Raw data

__________

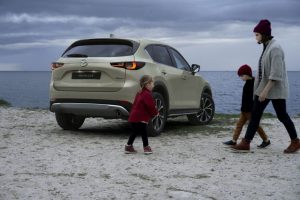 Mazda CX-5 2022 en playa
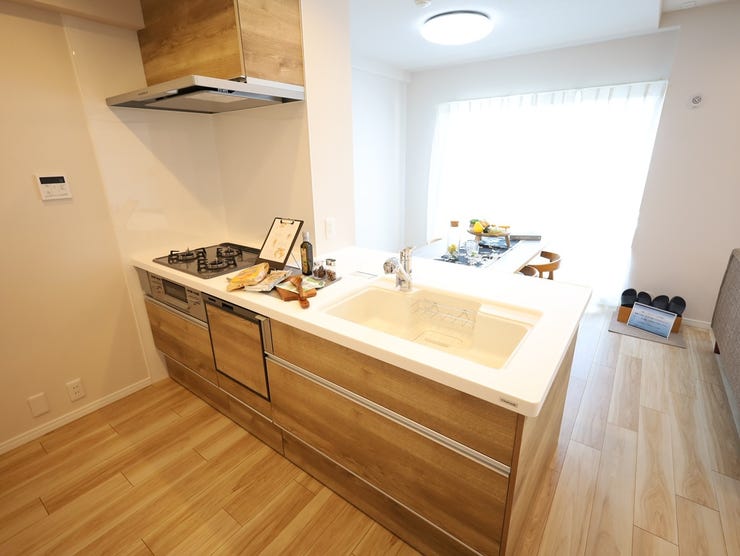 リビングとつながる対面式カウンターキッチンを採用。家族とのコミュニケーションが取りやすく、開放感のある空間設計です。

__________

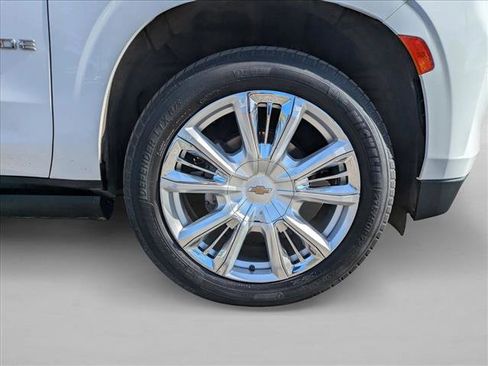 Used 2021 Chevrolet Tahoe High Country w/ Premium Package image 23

__________

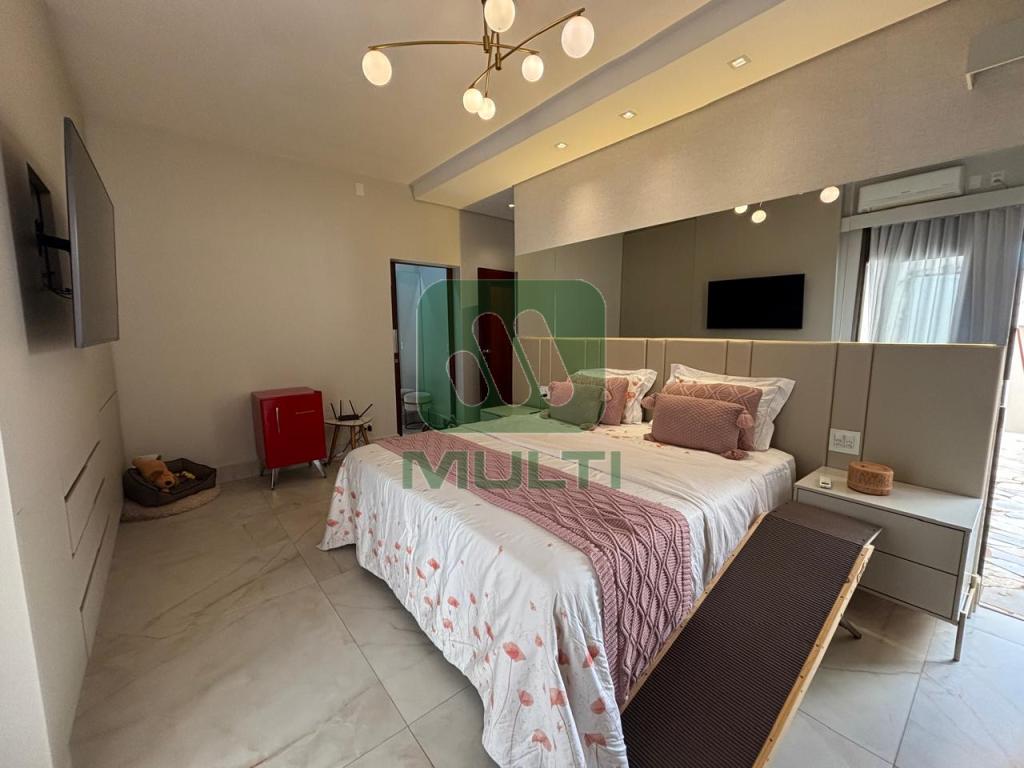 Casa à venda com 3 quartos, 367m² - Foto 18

__________

Output only the lines above from the one containing "Mazda CX-5 2022 en playa" to the one containing "リビングとつながる対面式カウ", both included, exactly as written and with no pictures.

 Mazda CX-5 2022 en playa
 リビングとつながる対面式カウンターキッチンを採用。家族とのコミュニケーションが取りやすく、開放感のある空間設計です。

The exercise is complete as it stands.